Curio Vignettes 04 Confession (4 page)

“It did not rain in my fantasy.”

I laugh.

“But reality has been better in every way. Including the
weather.”

“What was the sex like, in your imagination?”

“Tender. And passionate.”

“Oh good. That’s exactly what I want.”

“And without condoms.”

“Darn. Well, soon, maybe. And we can always pretend.”
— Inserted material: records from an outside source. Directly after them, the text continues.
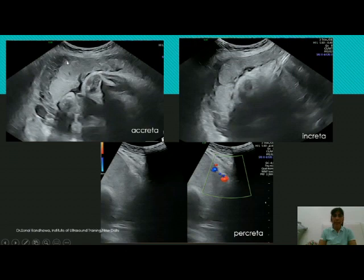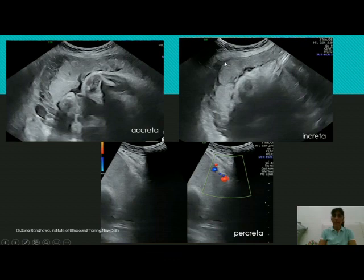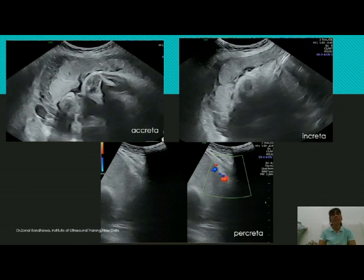Moving to another area in the same patient: here the serosal layer is barely visible, and you could previously see the retroplacental space clearly, but here it has totally disappeared — you cannot see it at all. This would usually be placenta increta, and sometimes even in percreta you may see such a picture, because many times you may not be able to differentiate between the two.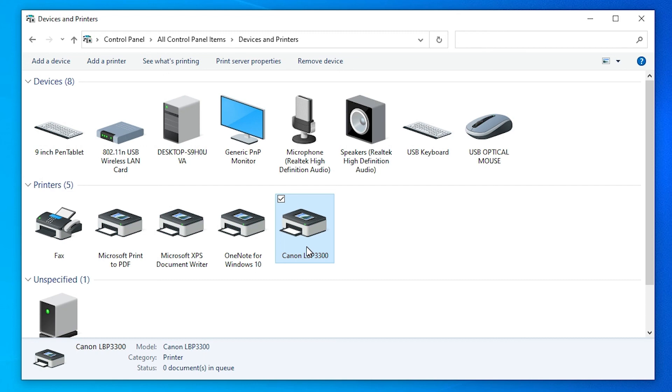This is the simplest way to download and install Canon LBP 3300 printer drivers in Windows 10. Thank you for watching this video. Don't forget to like, share, and comment, and please subscribe to the channel. Thank you guys, see you next time. Bye!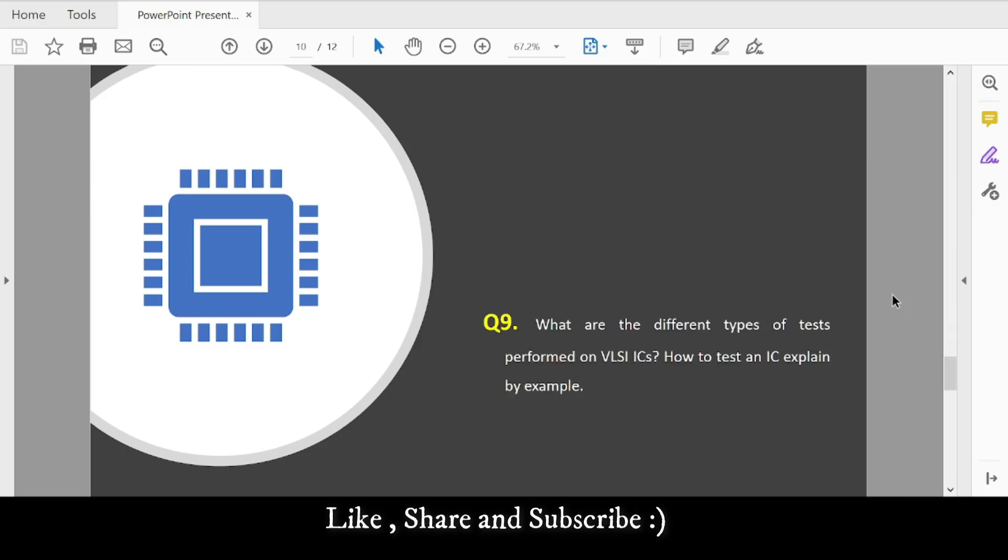Question 9: What are the different types of tests performed on VLSI ICs, and how to test an IC? Give examples such as manufacturing test, characterization test, burn-in test, chip probe test, etc. Figure out the different test types in VLSI ICs and explain with examples.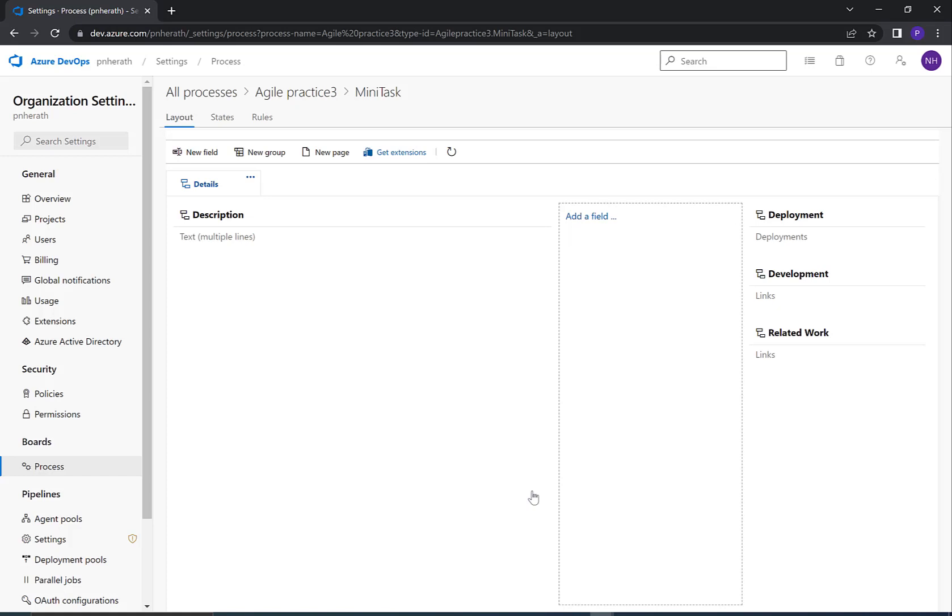You can add new fields to your work item type and edit it from here. But I'm not going to discuss that in this video. We have created a new work item type. Now let's go back to Azure DevOps board.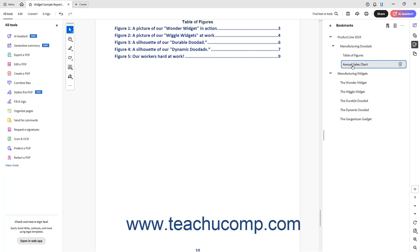However, note that clicking a non-selected bookmark in the Bookmarks panel in Acrobat when editing it instead goes to the selected bookmarks location and selects the bookmark in the Bookmarks panel.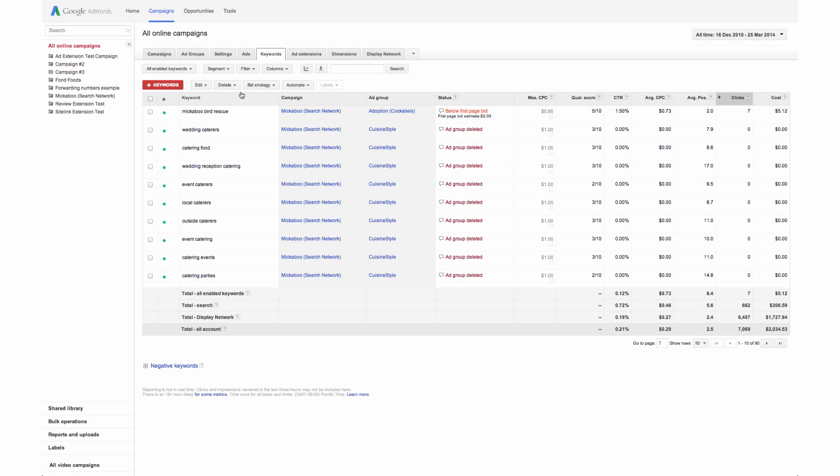To only see search terms for specific keywords, first select the keywords you're interested in, then choose selected.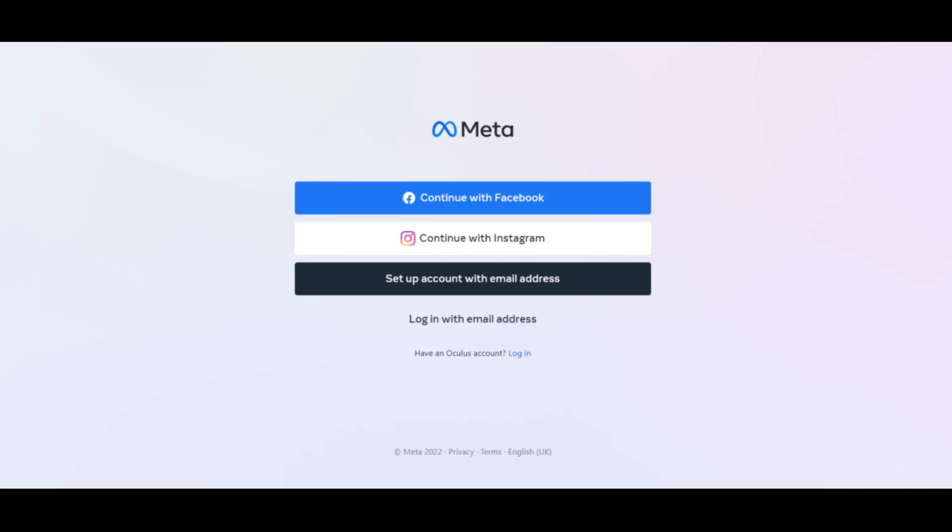Once you go to the website, log into your existing Meta account, which means your Facebook account or your Oculus Quest account. This is the account you created when you first set up your headset. Just log into the same account you use on your headset.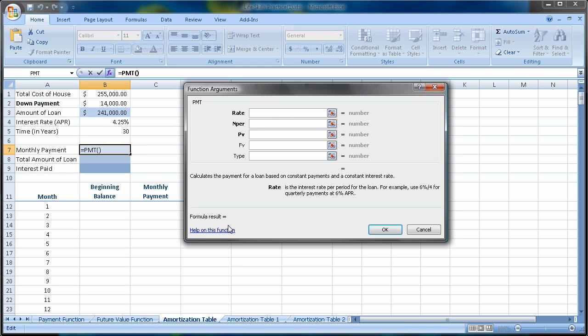Now, one of the real benefits of an amortization table is we can go in and make some what-if scenarios here, changing payments, making additional payments, and see what happens to the interest or how much sooner I can pay off my home.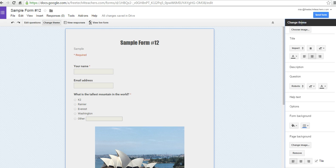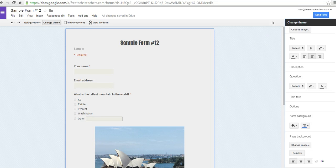That's an overview of how you can set up your Google Form. The next video will take a look at what happens when students respond to your Google Form. For more tips and tricks like this, you can check out freetechforteachers.com.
Didier replies with another kiss and our conversation is
done, drowned in desire. I’m pushed gently onto my back and he eases the dress
from my shoulders and halfway down my arms, pinning them slightly, and not
unpleasantly. His mouth lavishes my neck and collarbone, my shoulder. I feel
the sweet drag of his lips over the sensitive skin of the top my breast, and
his warm exhalation. His arms look strong, braced as they are, his shoulder
blades jutting.

He widens my legs, getting to his knees between them and
dropping to his elbows. Warm breath on my breast, the feel of satin growing
damp. The soft scrape of his teeth against my tightening nipple and a spasm of
pleasure curls my spine like a wave. I fist his hair and whisper his name, the
sound lost as his lips close over the point of sensation.

He turns his attention to my other breast, then my navel, my
hip bone. I know where he’s headed—toward an act we both love, but tonight I
want perfect equity. I need his face near mine so I can see his eyes and hear
his every breath.

“Not tonight,” I say as he hooks his fingers under the band
of my panties.

He stares up at me with raised eyebrows.

“I want us equal. No one serving the other.”

“Very well.” He sits up. “Come, stand with me.”

He takes my hand and we get to our feet before the candles.
Behind the thin silk of his shorts, I can see the outline of his ready cock. He
slips my dress from my arms then reaches around to unclasp my bra. The damp
satin drops from my shoulders. Slowly, almost cautiously, he tucks his thumbs
beneath the sides of my panties and pushes them down my thighs.

For a long moment he stares, gaze making an inventory of me.
“You’re the most stunning creature I’ve ever seen.”

My blush is hot as a fever, my smile goofy. I step close,
cupping his bulge. I run my palm along his length a few times, and he eases his
underwear down and kicks it away. Now we’re just two naked people—friends and
lovers, boyfriend and girlfriend. Partners, I suppose, or on the way there.
Whatever that means.

I picture Didier still in my life in ten years. I picture
his wavy dark hair streaked with gray, the lines beside his eyes and lips
deeper and all the more striking. I picture his intense beauty fading as he
relaxes into a dignified and handsome middle age, and I want him all the more
for it. We’re in the summer of our lives now, but I welcome the fall and winter
too—cool black nights warmed by bright fires.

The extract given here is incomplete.